Storm point guard Sue Bird stole the show in the Storm’s Game 5 WNBA semifinals win over the Phoenix Mercury with 14 points in a transcendent fourth quarter.

But, shortly before the Storm blew out the Mystics Friday night at KeyArena to take a 1-0 lead in the WNBA Finals, Bird had a message to relay to Storm fans.

“I’ve gotten a lot of credit for Game 5. Probably too much credit,” Bird wrote for The Players Tribune in a piece published Friday afternoon.

“Listen, I’ll admit it, it’s a good story: Vet gets her face busted up, puts on a superhero mask, becomes unstoppable from three and leads her team to victory,” Bird wrote. “But anyone who watched the whole thing, they know I probably only ranked third on the list of reasons that we won that game. Here’s my top four: (1) Stewie, (2) Stewie, (3) A great team effort, (4) Stewie.”

She has a point– WNBA MVP Breanna Stewart did, after all, score 28 points in Game 5 and was a consistent force throughout the game.

Bird also revealed for the first time one of the big reasons why she re-signed with the Storm at the end of the 2015 season, when, as she terms it, “we had pretty much hit rock bottom: 10-24. Almost last in the league.”

As she entered free agency that offseason, she contemplated leaving and signing with a team that was better poised to compete for a title.
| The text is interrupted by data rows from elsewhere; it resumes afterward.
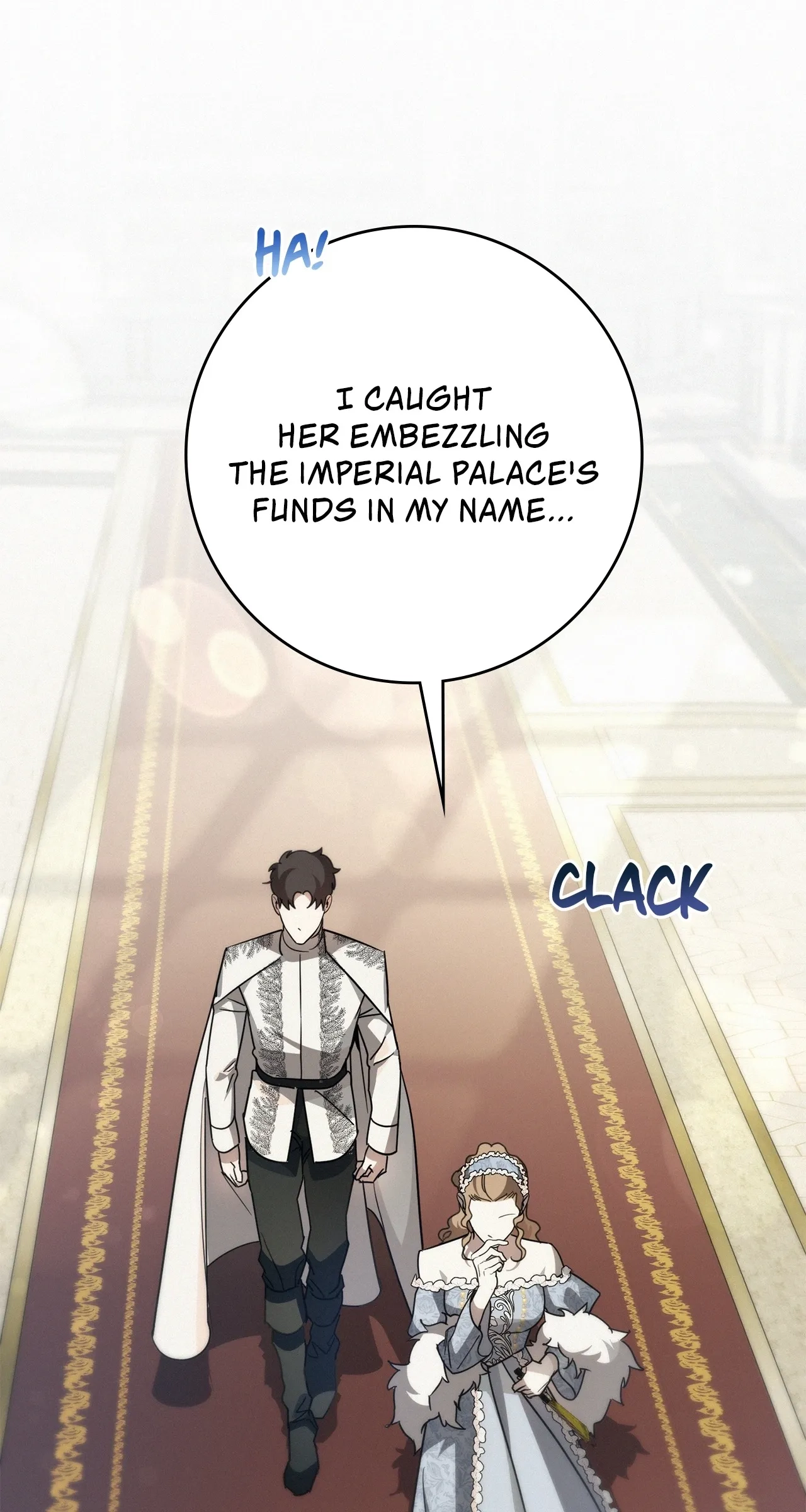 Once an Assassin, Now a Royal Nanny Chapter 13 - page 1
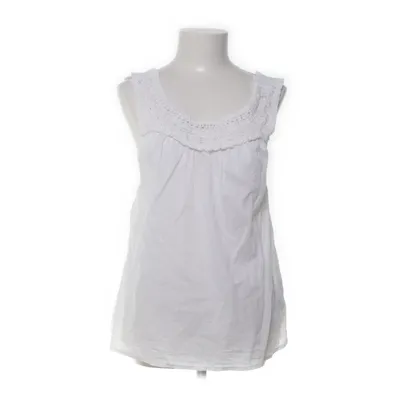 Tanktop (Wit) van Cream Katoen
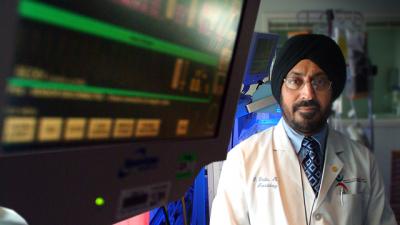 Jatinder Bhatia, Georgia Regents University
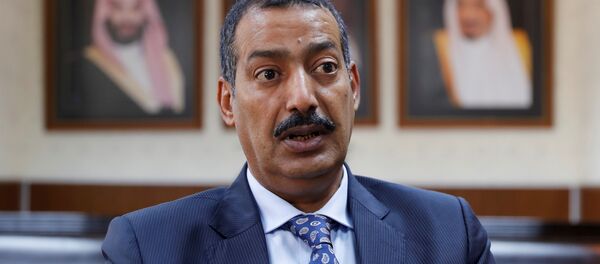 Mohammad Otaibi, el cónsul general de Arabia Saudí en Estambul - Sputnik Mundo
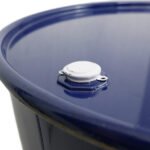 UN Tight Head Lacquered Steel Drum - 205 Litre / 45 Gallon - Image 2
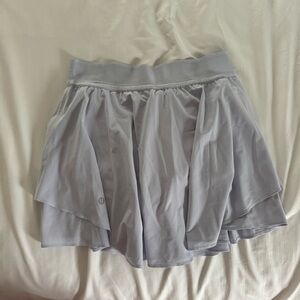 Lululemon Court Rival Skirt (long)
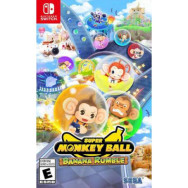 Super monkey ball: banana rumble - SWI
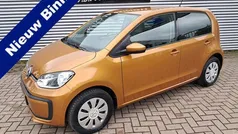 Bruin Gebruikt 2018 VW up! move up! Hatchback | € 9.345 (Eerlijke prijs)
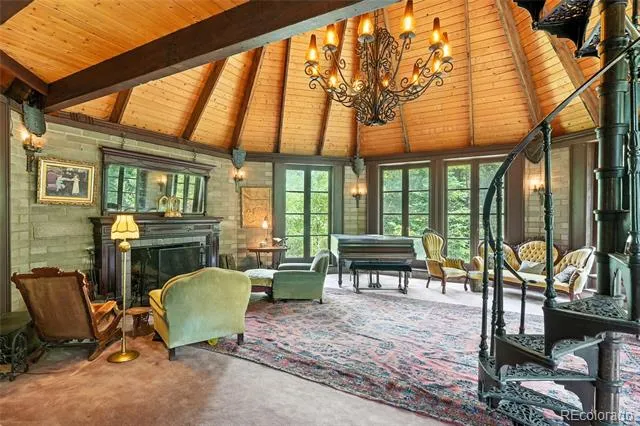 1493 Silver Valley Road Silver Plume, CO 80476
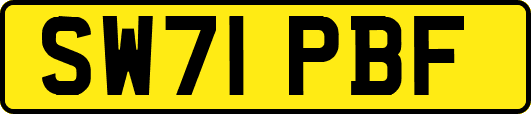SW71PBF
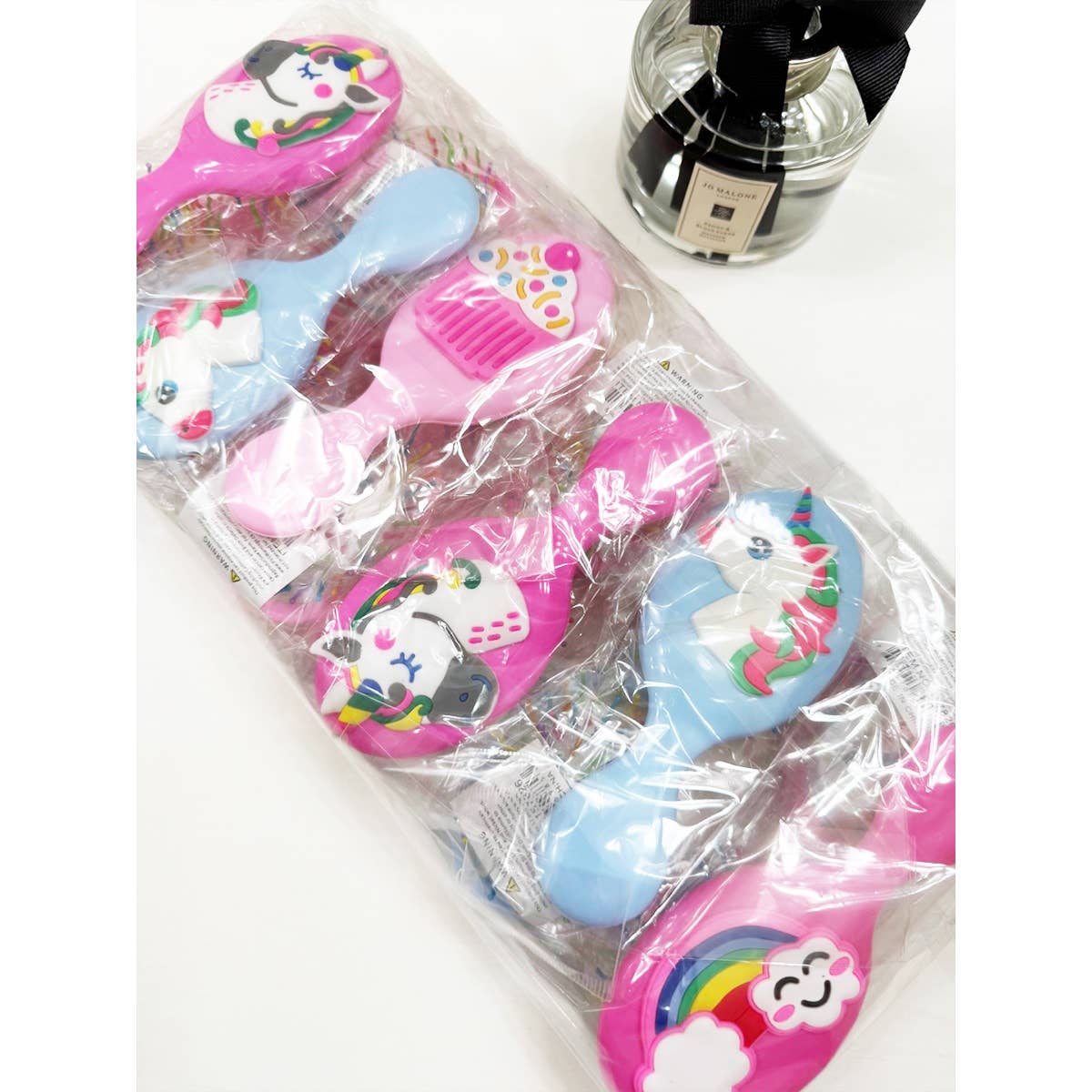 Kids Colorful Hair Blush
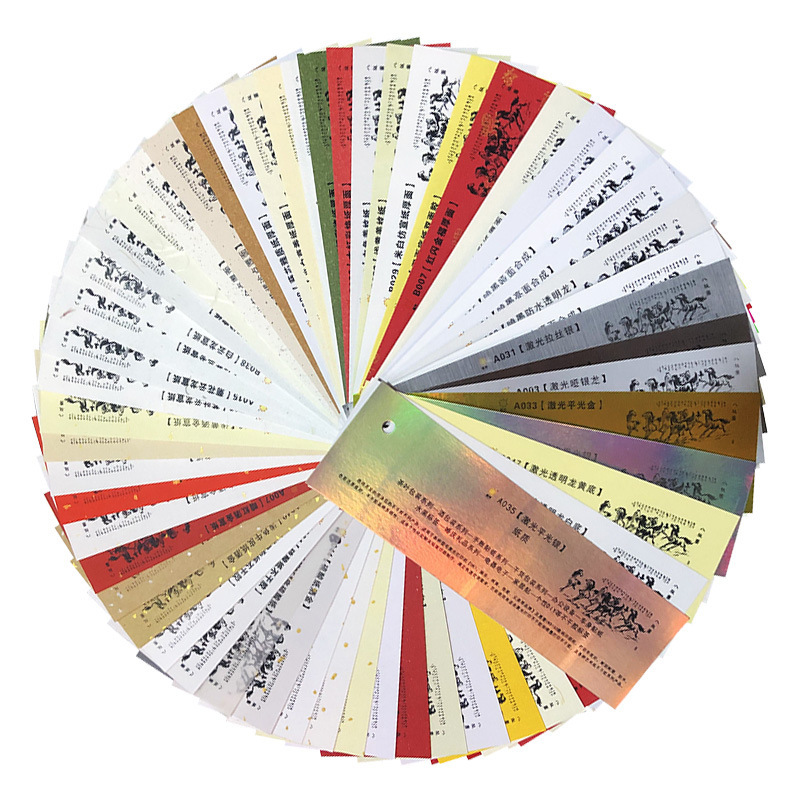 And paper self-adhesive printing inkjet sulfuric acid paper hand account material transparent bottom and paper translucent DIY sticker in stock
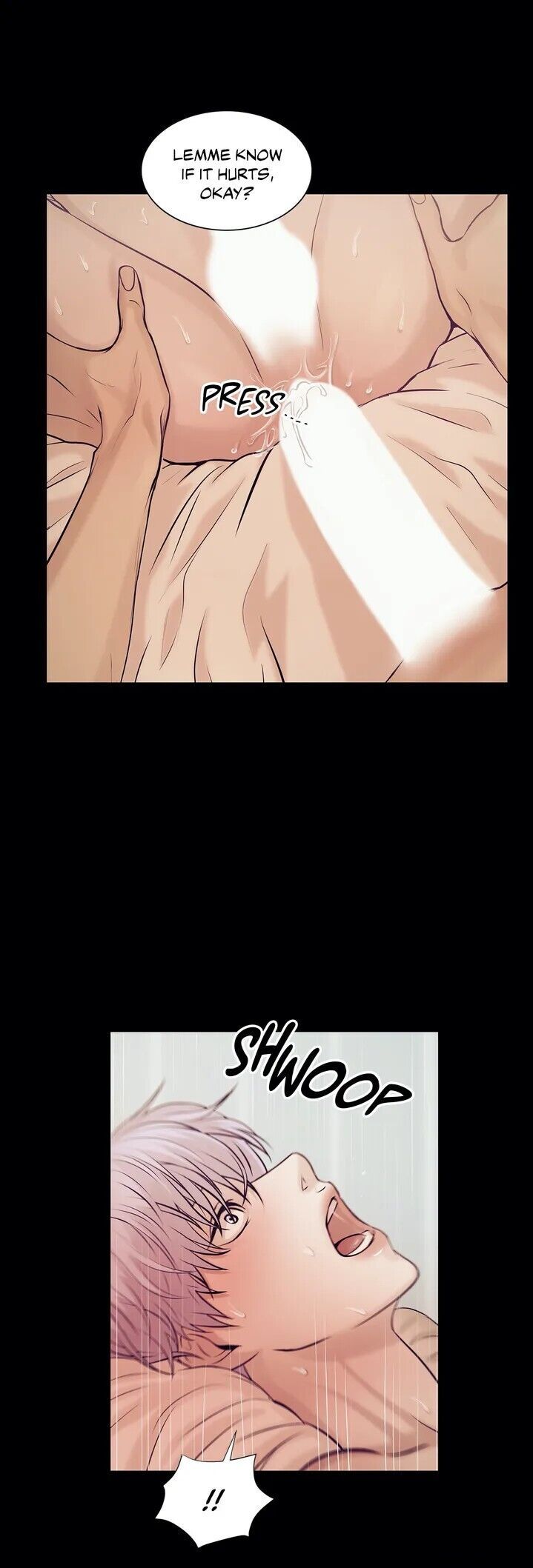 Seashell Boy Chapter 1 - Page 7 in English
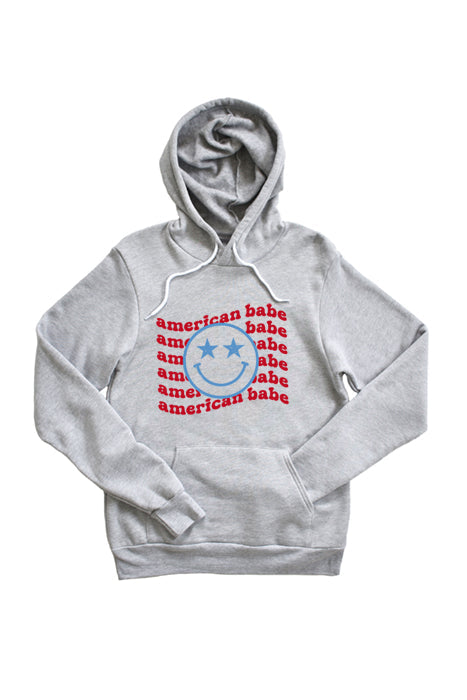 American Babe Unisex Hoodie - Korvel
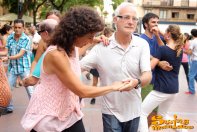 23/08/14 - Swing d'Estranquis a la plaça Revolució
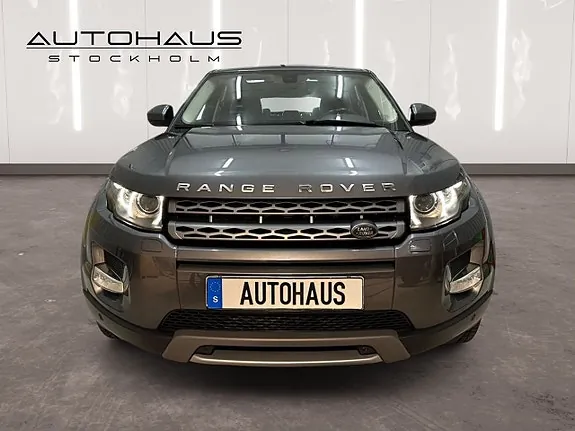 Land Rover Range Rover Evoque 2015 photo 2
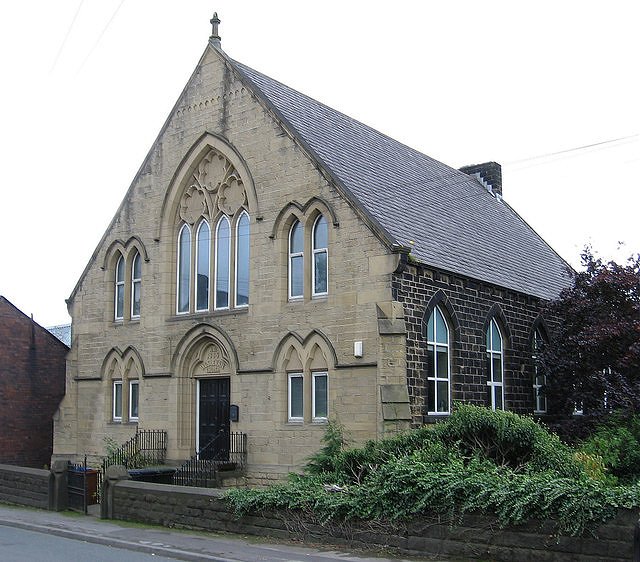 The Wesleyan Church, Thurlstone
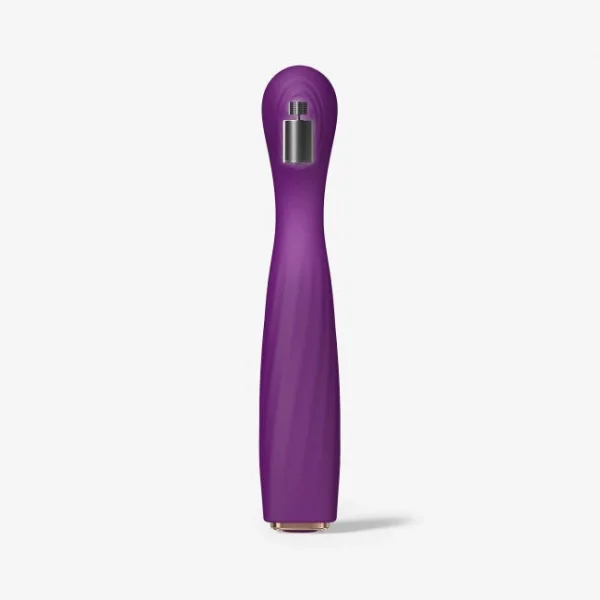 Love To Love Feel Me Aubergine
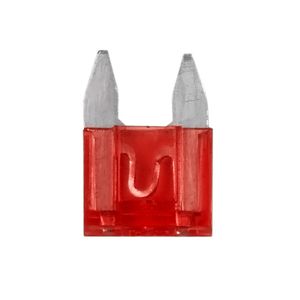 Предохранитель флажковый MINI 10A RED TX /100 HIT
But, as we know now, she ultimately stayed.


Aside from an overwhelming desire to play out her career in a city that had come to feel like home, there was this other factor: “We won the lottery,” Bird wrote. “We got Breanna.”

Quote: “One moment, we were just another rebuilding team. And then the next moment, we were the team with Breanna Stewart on it. … Even to call it the “lottery” — that’s underselling it, right? Because the lottery is annual. Once every year, for sure, there’s a No. 1 pick. But what happened to us, with Stewie? I’d say it’s more like once every generation or so, that there’s a prospect of her caliber. There’s a LeBron James, or a Tim Duncan, you know? That was Breanna.”

“We won, so I stayed,” Bird wrote. “And now we’re back.”

Mic drop?

Not quite, Bird’s highly entertaining Players Tribune piece included at least a dozen other fun facts the Storm’s “mother hen” wants you to know about her team’s remarkable run to the WNBA Finals.

These include:

  • Having now broken her nose five — count ’em, five — times, Bird doesn’t own just one plastic face protector…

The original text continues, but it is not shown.